• Directions:
Beneath this line are entries. Copy the range from the line with "Jewelry charm bangle" to the line with "Used 2015 Nissan", ends included, exactly; leave pictures out.

• Material for this exercise:
···

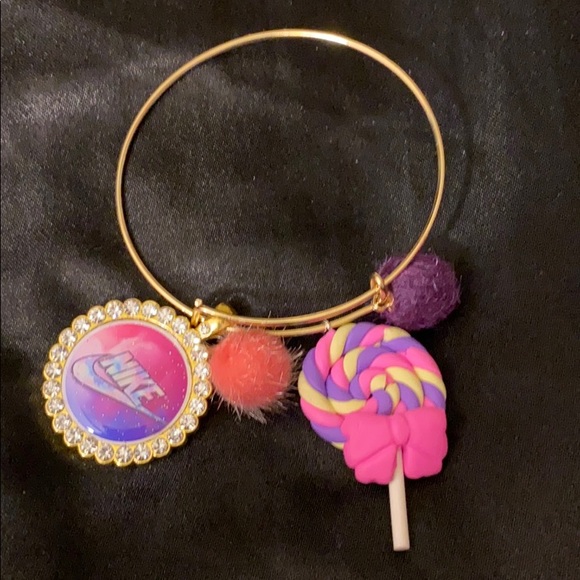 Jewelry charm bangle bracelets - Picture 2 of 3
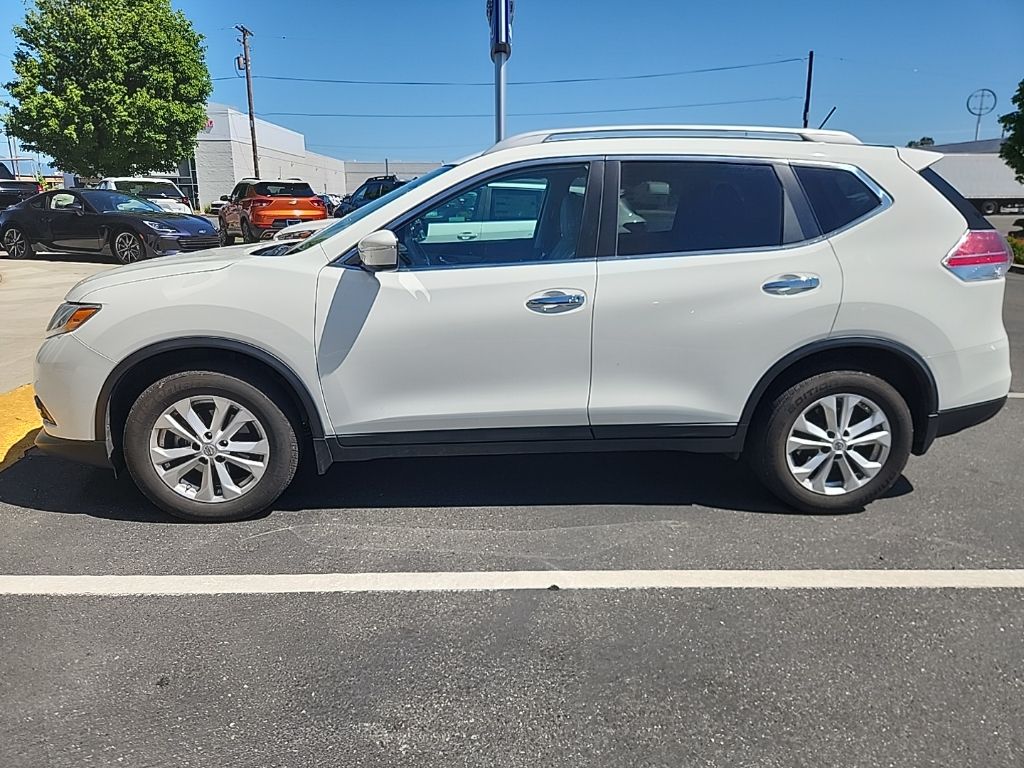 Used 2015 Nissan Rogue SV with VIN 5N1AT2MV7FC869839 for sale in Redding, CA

···

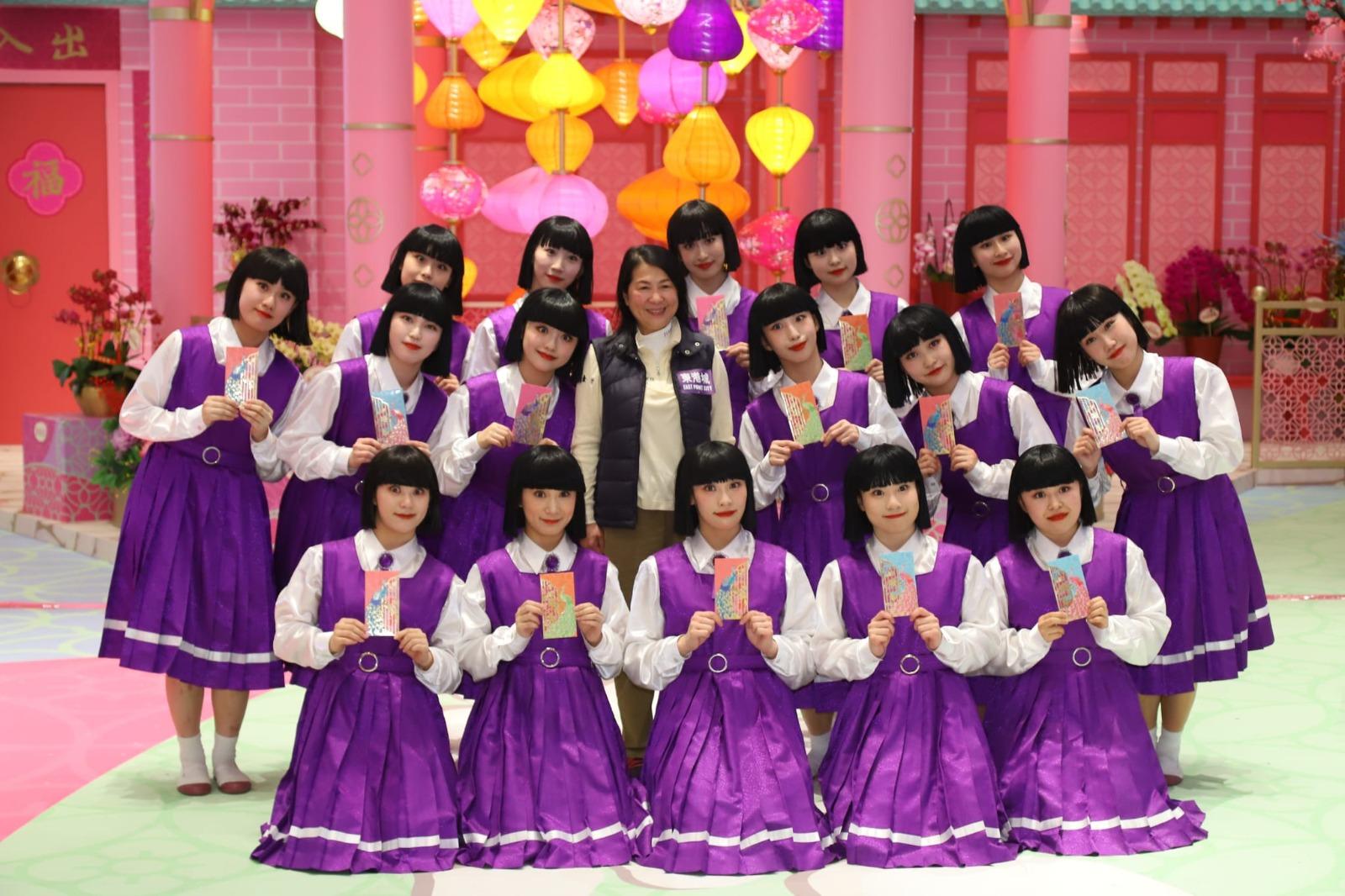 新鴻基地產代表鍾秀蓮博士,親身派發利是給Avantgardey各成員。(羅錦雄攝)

···

• Solution for this task:
 Jewelry charm bangle bracelets - Picture 2 of 3
 Used 2015 Nissan Rogue SV with VIN 5N1AT2MV7FC869839 for sale in Redding, CA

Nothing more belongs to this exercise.